→ **Activity**
Starting at the line that contains "0 Upper Standing Rock Road, Dover, TN 37058", reproduce every line through the end of the entries below, with no pictures in the copy.

##### Records for the task

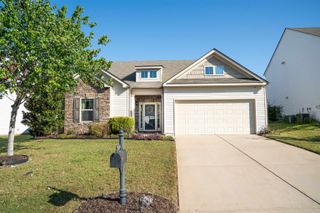 454 Wolfbend Road, Woodruff, SC 29388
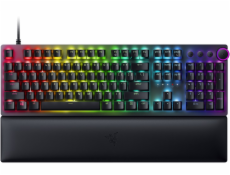 Razer Huntsman V2 (Red Switch) US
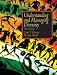 Understanding and Managing Diversity (3rd Edition) by Carol Harvey ISBN 013144154X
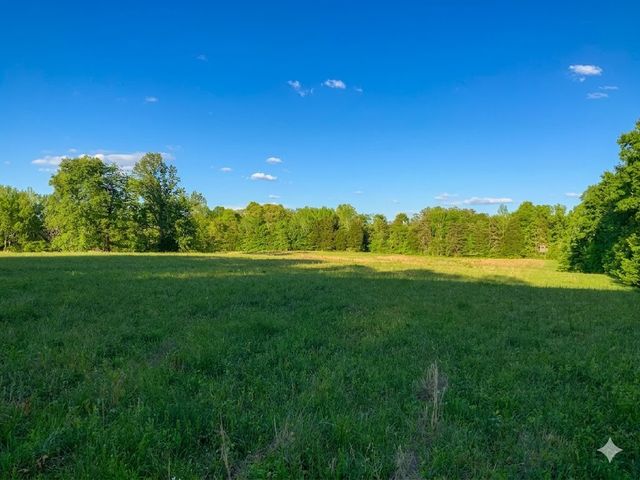 0 Upper Standing Rock Road, Dover, TN 37058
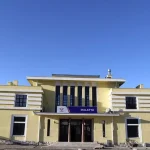 Malatya Garı’ndaki Durmuş Saatin Anlamı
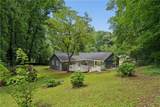 2530 Rolling View Drive - Photo 53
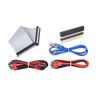 BIGTREETECH GTR v1.0 Control Board with M5 v1.0 expansion and TMC 2209 - 3D Printer Spare Parts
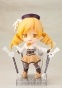 Cu-poche "Puella Magi Madoka Magica ｔhe Movie" Tomoe Mami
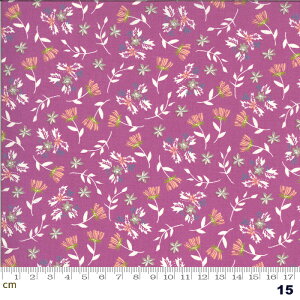 yModa _zBalboa-37593-15(2E-05) zCgn p[vn sNn ԕ A Rbg100% V[`O y10cmPʔ̔z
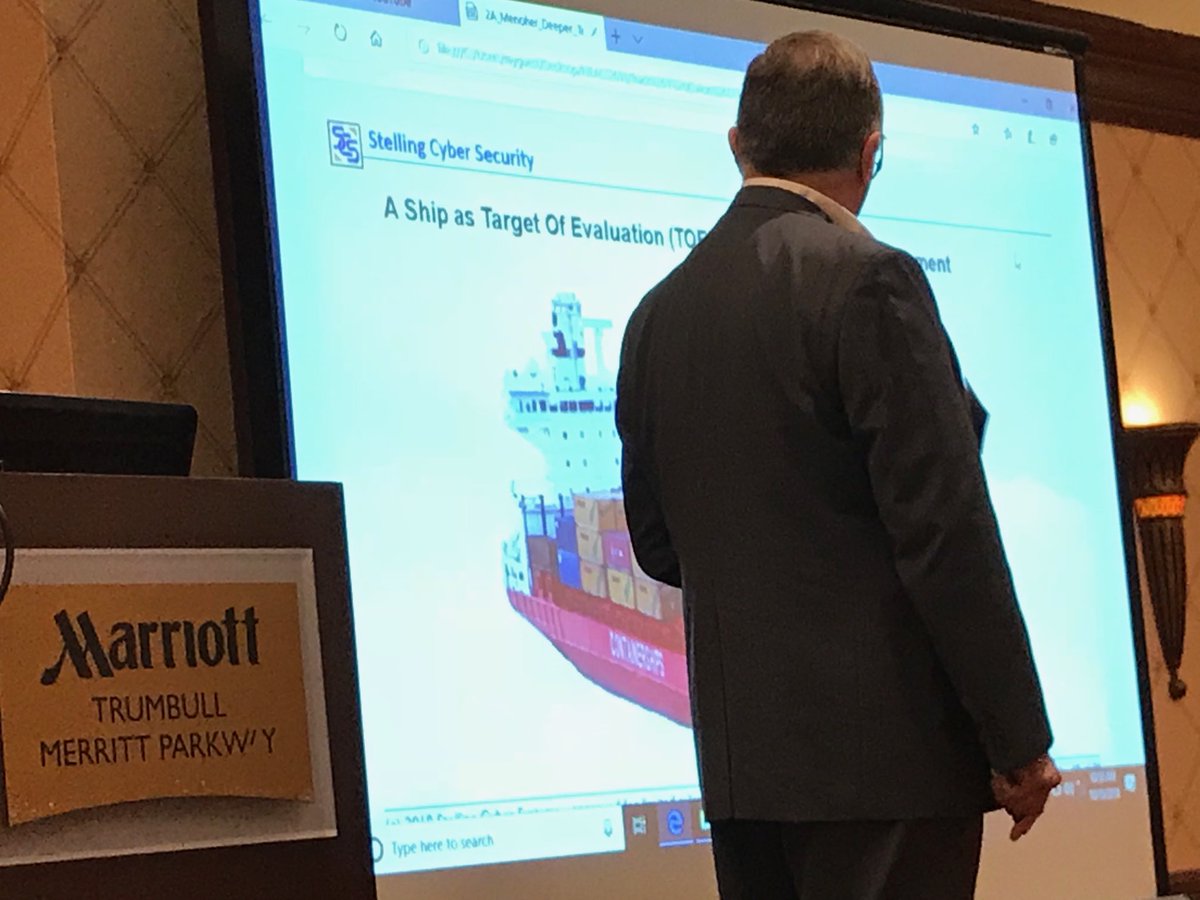 pamegup@gmail.com tweet media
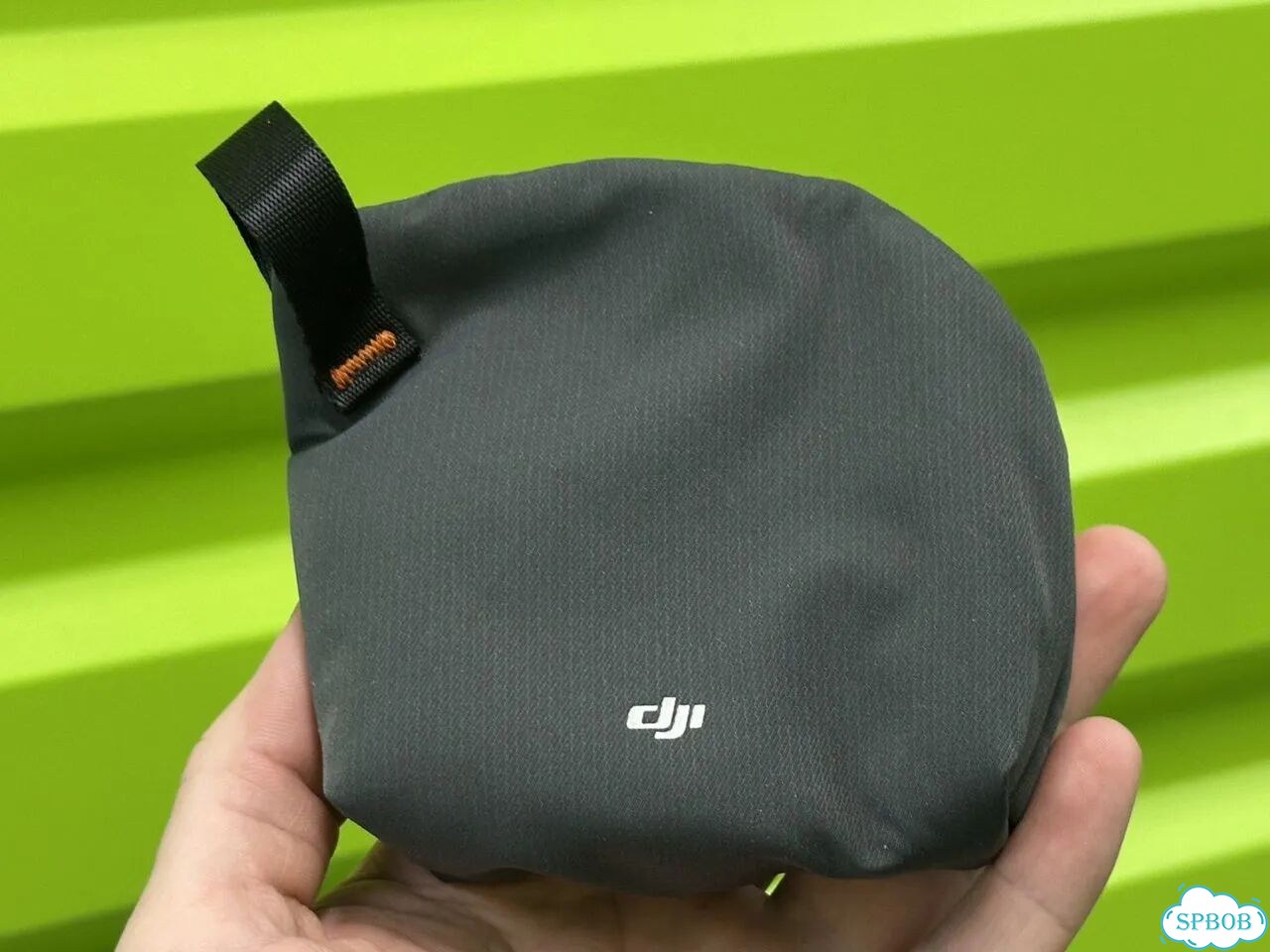 Новый DJI Mic 3 фото 4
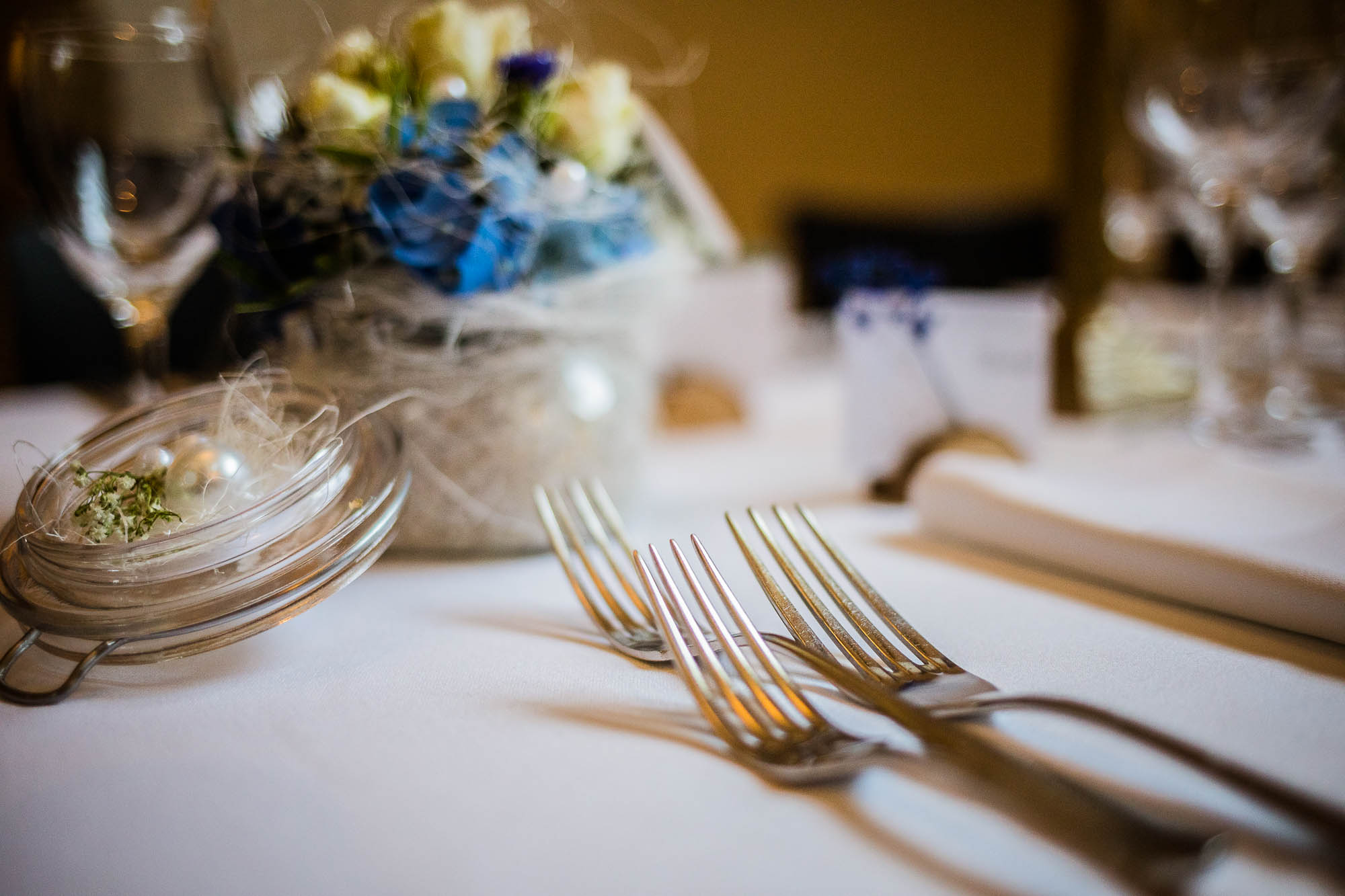 Export x3 5D4 0103 Hochzeit 2020 Claudia & Marco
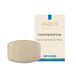 Ahava Zeep Body Mud Purifying Mud Soap 100gr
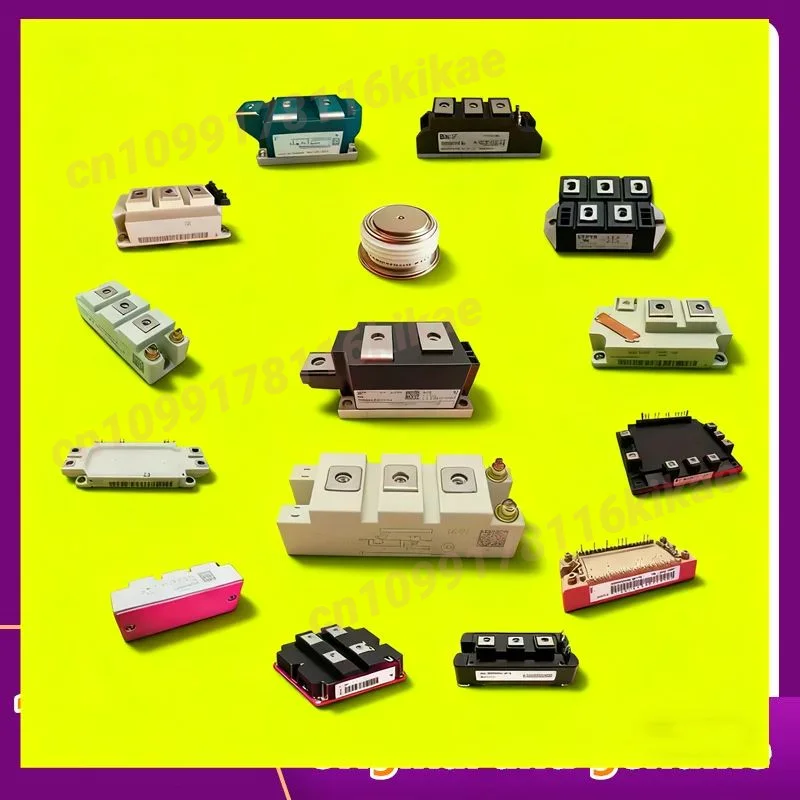 5 قطعة SIC534CD-T1-GE3 SIC534 S1C534 QFN حزمة جديد الأصلي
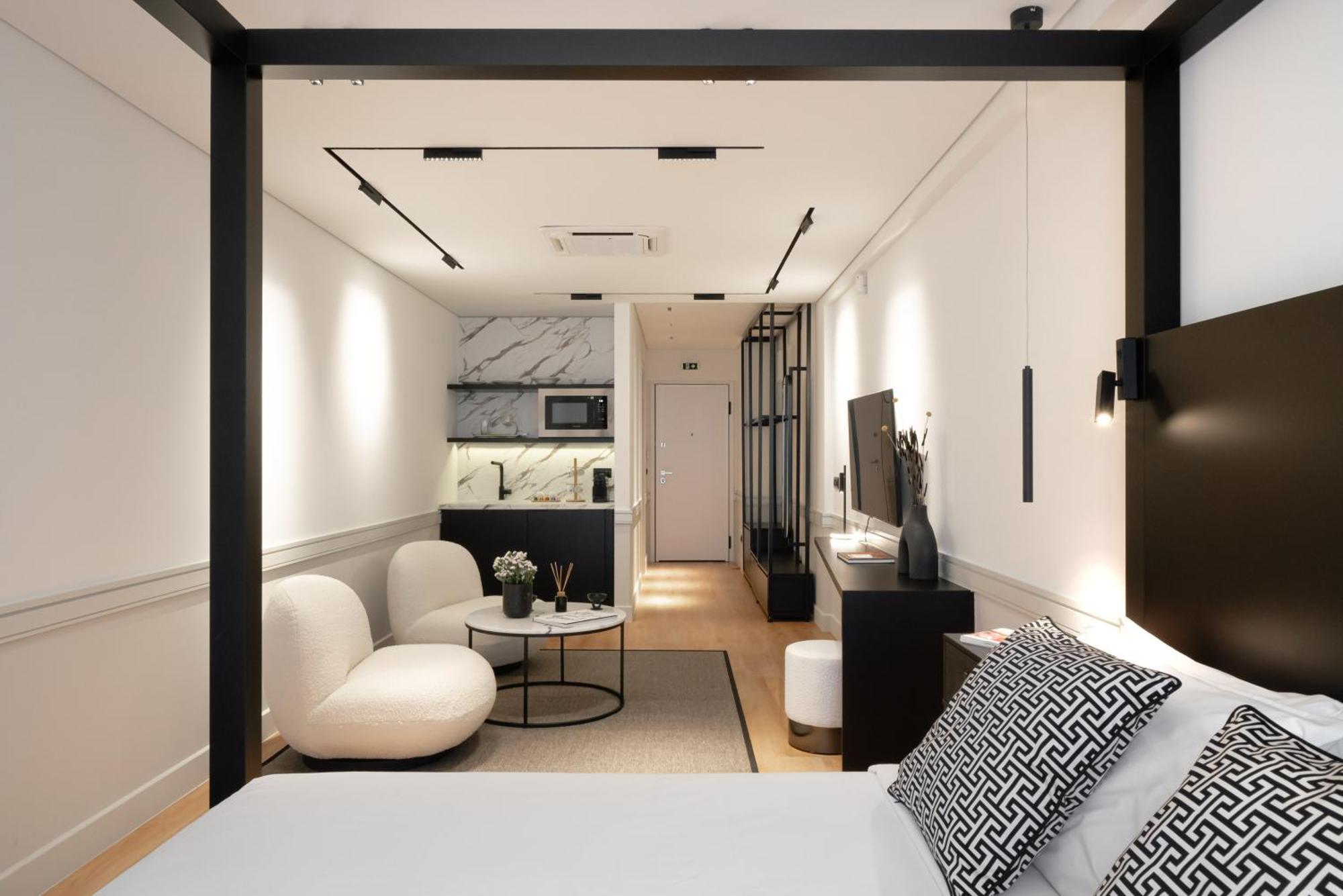 Dion Luxury Suites Atina Dış mekan fotoğraf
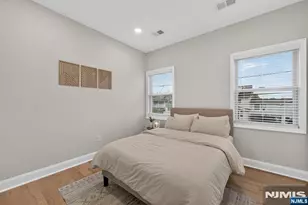 78 Schuyler Ave, North Arlington, NJ 07031 - Photo 23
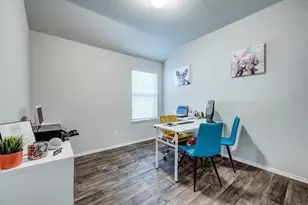 22635 Busalla Trail, Katy, TX 77449 - Photo 11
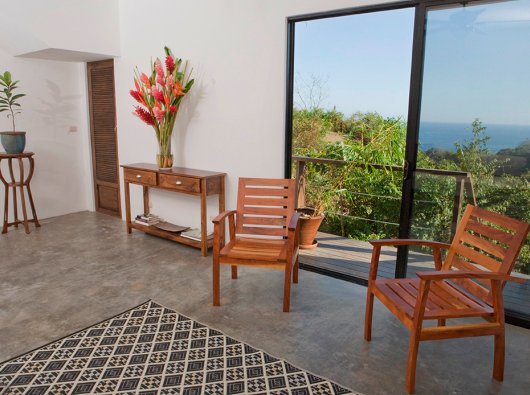 Jaco Home 964554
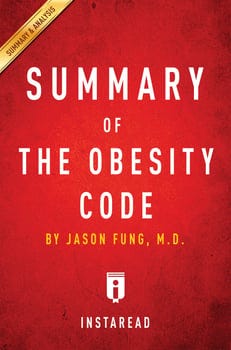 the-obesity-code-24079-1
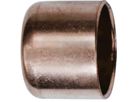Löt-Kappe 7301 8 mm 767 301 001 - GF Lötfittings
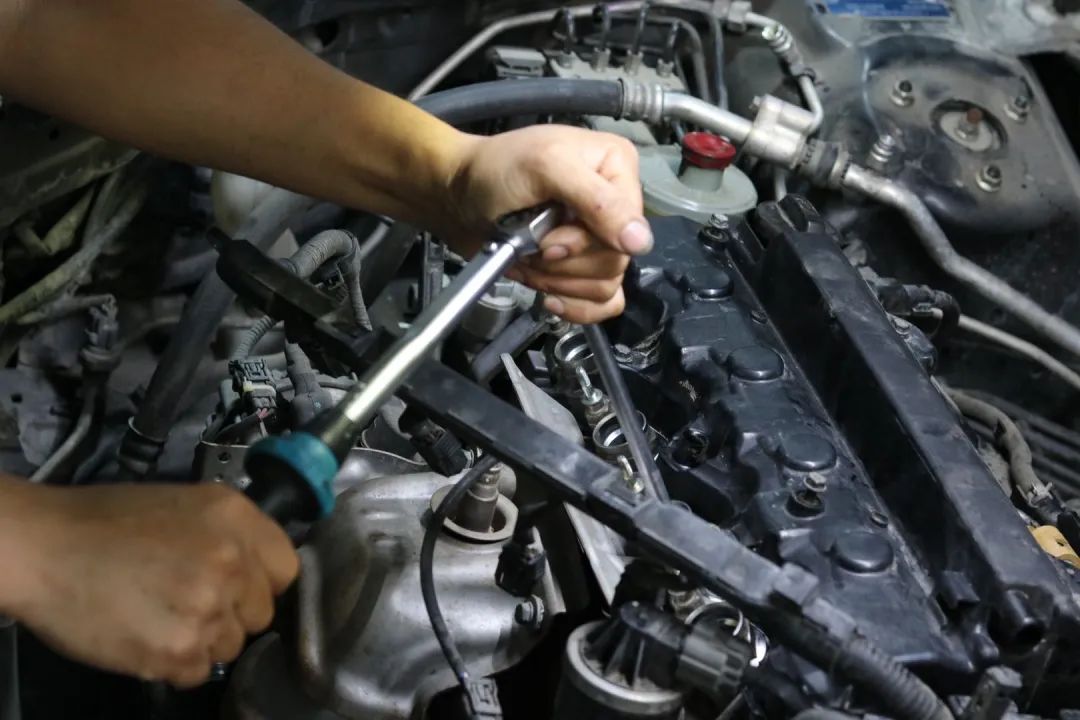 怪兽修车日记翻新价格,怪兽修车翻新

##########

→ **Response area**
 0 Upper Standing Rock Road, Dover, TN 37058
 Malatya Garı’ndaki Durmuş Saatin Anlamı
 2530 Rolling View Drive - Photo 53
 BIGTREETECH GTR v1.0 Control Board with M5 v1.0 expansion and TMC 2209 - 3D Printer Spare Parts
 Cu-poche "Puella Magi Madoka Magica ｔhe Movie" Tomoe Mami
 yModa _zBalboa-37593-15(2E-05) zCgn p[vn sNn ԕ A Rbg100% V[`O y10cmPʔ̔z
 pamegup@gmail.com tweet media
 Новый DJI Mic 3 фото 4
 Export x3 5D4 0103 Hochzeit 2020 Claudia & Marco
 Ahava Zeep Body Mud Purifying Mud Soap 100gr
 5 قطعة SIC534CD-T1-GE3 SIC534 S1C534 QFN حزمة جديد الأصلي
 Dion Luxury Suites Atina Dış mekan fotoğraf
 78 Schuyler Ave, North Arlington, NJ 07031 - Photo 23
 22635 Busalla Trail, Katy, TX 77449 - Photo 11
 Jaco Home 964554
 the-obesity-code-24079-1
Löt-Kappe 7301 8 mm 767 301 001 - GF Lötfittings
 怪兽修车日记翻新价格,怪兽修车翻新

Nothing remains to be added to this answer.